Japanese Pay Homage, Ponder His Legacy : Hirohito’s Illness Touches Deep Chord
They line up by the thousands every day, ignoring the endless autumn rain to pay homage to a man they understand mostly by instinct. As Emperor Hirohito lies on his deathbed, his subjects have come flocking to the palace gates to pray for his recovery and ponder the meaning of his legacy.
Japanese are demonstrating an outpouring of emotion that is extraordinary in the clockwork routine of this busy megalopolis. Spontaneity may have been helped along by exhaustive television news coverage, but for many of the hundreds of thousands of people who have visited the palace grounds since Hirohito began vomiting blood Sept. 19, the feelings are raw and real.
“I had to come here--my heart was bursting,” said Yoko Doma, a 30-year-old woman who boarded a train in Osaka for the three-hour ride to Tokyo. “I prayed that he’ll recover, even if for just one day, and I thanked him for all the sacrifices he’s made for the nation over the years.”

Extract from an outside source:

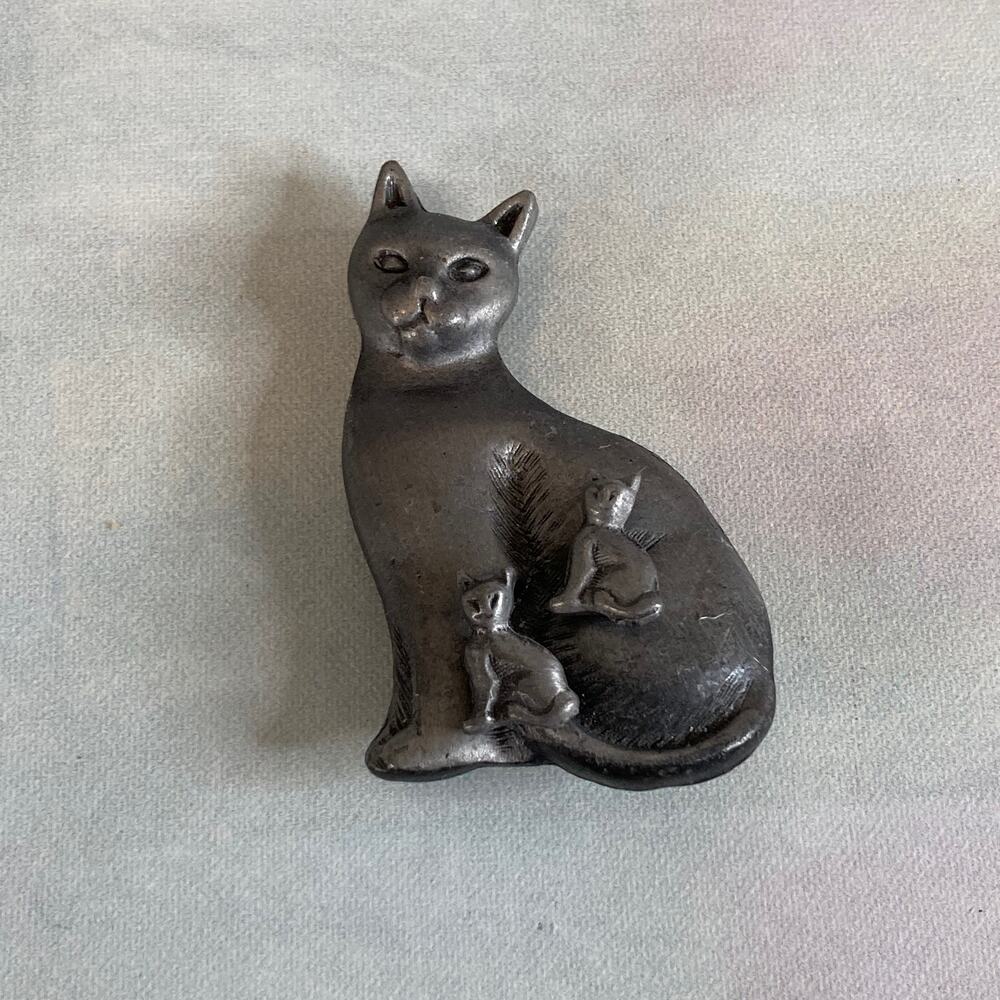 0079 Vintage 80s Pewter 3-in-1 Cat Brooch & Kitten Stud Earrings Jewelry Set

The object of visiting Fukiage Palace, the imperial residence in a lush green oasis in the center of Tokyo, is to sign slips of paper wishing health to Hirohito, who is reportedly dying of pancreatic cancer. The pilgrimage does not end with a signature, though.
People face the Sakashita Gate, clasp their hands and bow their heads in prayer; some fumble with their umbrellas as they get down on their knees. Strangers gather by the moat and sing “Kimigayo ,” the de facto national anthem. Its words implore the emperor to reign for a thousand years, “until what are now pebbles become mighty rocks covered with moss.”
Ruled for 62 Years
Hirohito, 87, has ruled for 62 years, the longest-reigning emperor since the Japanese began keeping history 1,400 years ago.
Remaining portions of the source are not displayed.